PhD:  American and Canadian Studies

Thesis Title:  ‘We Asked for Life!’: American Women’s Prison Zines as sites of Art and Protest 1920-2017


Thesis Description:

Confinement, prejudice, and social alienation render incarcerated women the most invisible members of American society. Yet despite their invisibility, and in some ways as a direct response to it, incarcerated women have for over a century produced prison zines that shine a light on a largely obscured and forgotten world. My PhD analyses over 75 publications from across the US, arguing that the prison is a unique environment for creative production that leads to a distinctive and compelling sub-genre of American literature. I examine how they dismantle and expand upon various genres including collective autobiography and lesbian and feminist print culture in order to connect, educate and resist, depicting a complex protest aesthetic that calls for wider social change beyond penal reform.

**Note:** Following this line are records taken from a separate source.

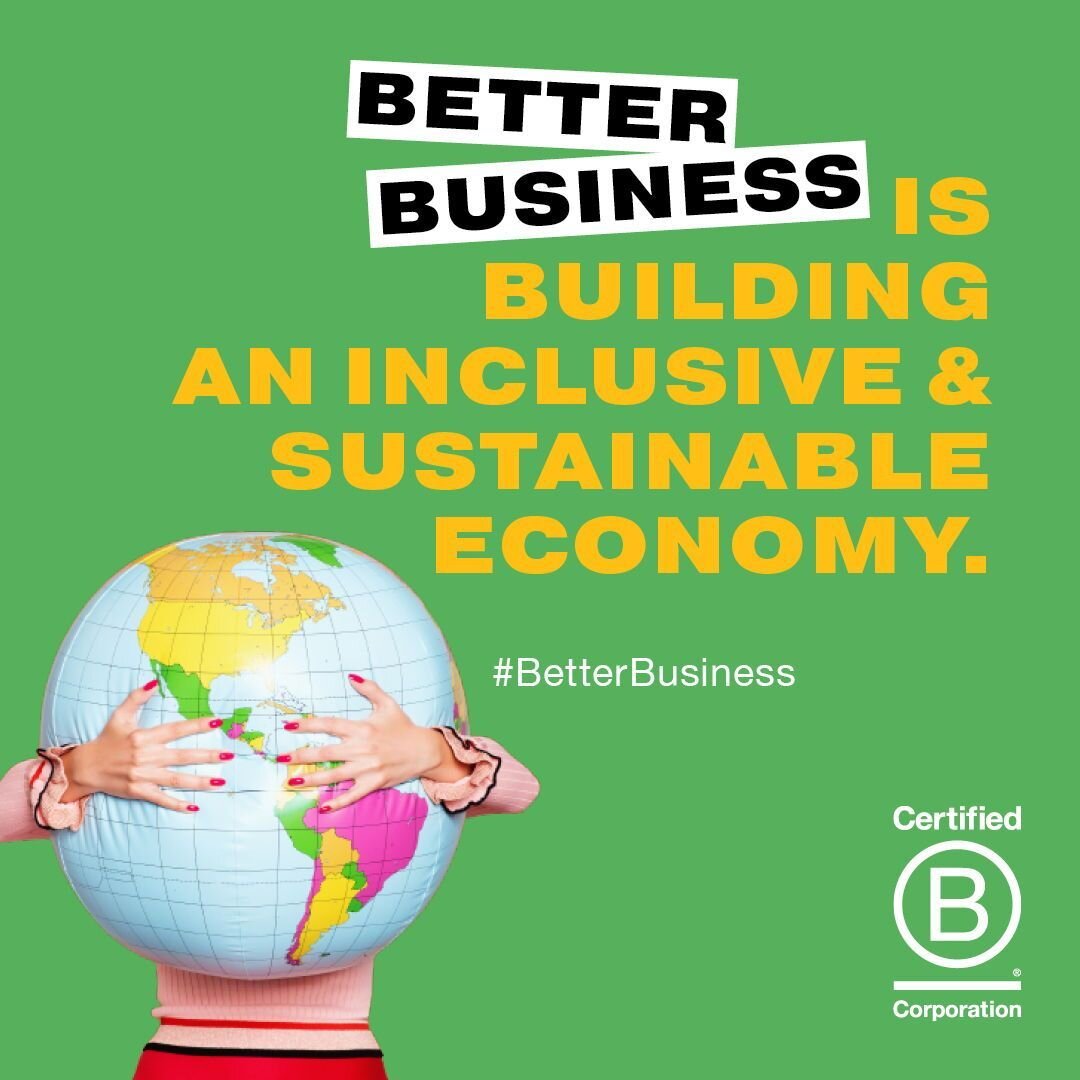 We are a B Corp, that means we believe in this capitalist society, there is a better way of doing things! A way that we can benefit the planet and the communities while making a business work. There are almost 4,000 other B Corps around the world who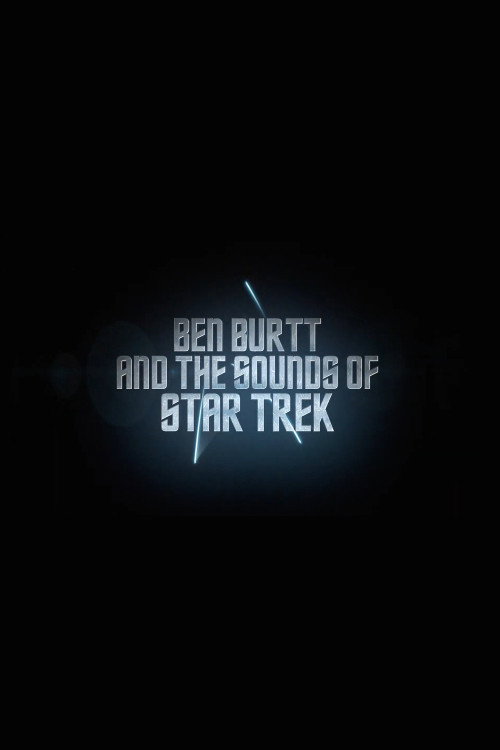 Movie poster for Star Trek: Ben Burtt & The Sounds of Star Trek (2009)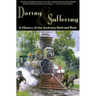 Daring and Suffering: A History of the Andrews Railroad Raid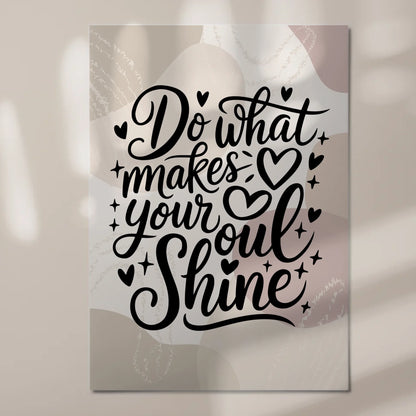 Spruch Fotoboard Magnet Wandbild Do What Makes Your Soul Shine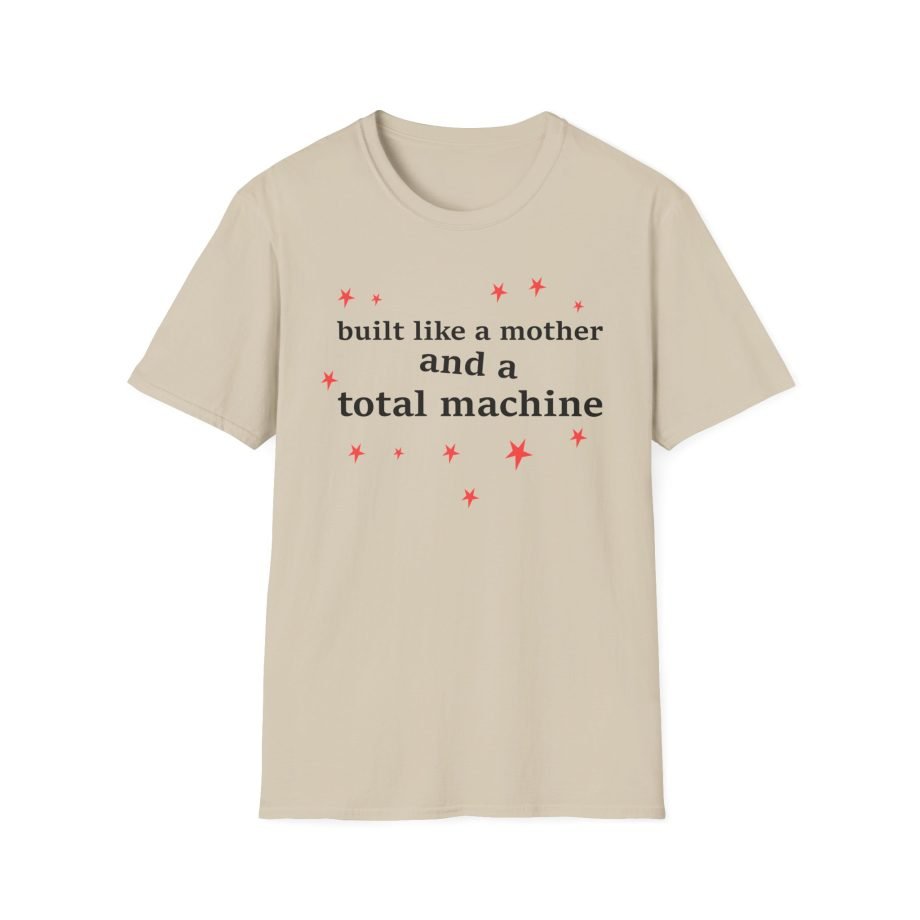 Olivia Rodrigo Built Like a Mother and a Total Machine Unisex Softstyle T-shirt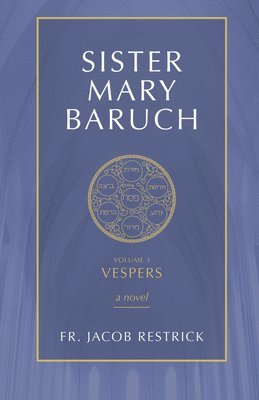 bokomslag Sister Mary Baruch: Vespers (Vol 3) Volume 3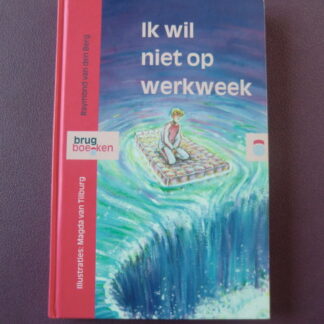 Ik wil niet op werkweek / Raymond van den Berg (AVI 9 ; harde kaft)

Prison zines are short collections of art and literature produced by inmates that circulate in the prison where they are produced, in other penal facilities in America, and even among the general public. Over the past century the production of women’s prison zines has varied with the emergence of externally edited zines in the 1960s signifying a shift away from the more traditional, ‘in-house’ publications. The writers of these externally edited zines worked in collaboration with outside organisations or individuals such as ‘The Santa Cruz Women’s Prison Project’ and ‘The Chicago Books to Women in Prison Project’ for technical and organisational support in an attempt to overcome prison censorship. The zines cover a broad range of topics in addition to the criminal justice system, such as race, motherhood, physical and sexual abuse, addiction and education. The cacophony of voices in zines adds detail to the tradition of women’s prison writing, beyond the popular autobiographies of Assata Shakur and Angela Davis, and beyond the statistics and stereotypes that pervade popular perceptions of female prisoners. 

My PhD expands on the research I have already undertaken at masters level on women’s prison zines from the 1970s by plotting the entire literary tradition from the earliest publication, through the twentieth century, and into twenty-first century mass incarceration. Where a handful of scholars have traced male prison zines back to nineteenth-century debtors’ prison publications, early women’s prison zines are often overlooked. In the formative years of female incarceration, women were generally held in small sections of men’s prisons instead of independent female facilities and were almost entirely ignored by authorities as a result. Despite some women contributing to the publications that came out of these co-ed prisons, scholars have identified the first women’s prison zine as the Eagle in 1935, when independent women’s incarceration facilities were becoming more widespread. However, my preliminary research has found several zines that predate even the Eagle, suggesting that this tradition is far richer and more extensive than previously thought. Zines were evident in women’s prisons across the United States as early as 1900, with their frequency mirroring the growth of incarceration numbers during certain periods. Following the thirties and the Reformatory movement, significant periods of female incarceration (and zine activity) can be seen first in the sixties and seventies with the rise of many social movements and the start of mass incarceration for women, and from the eighties onwards, a period that has seen a significant increase in the number of women in prison owing to the ‘tough on crime’ and ‘war on drugs’ policies. 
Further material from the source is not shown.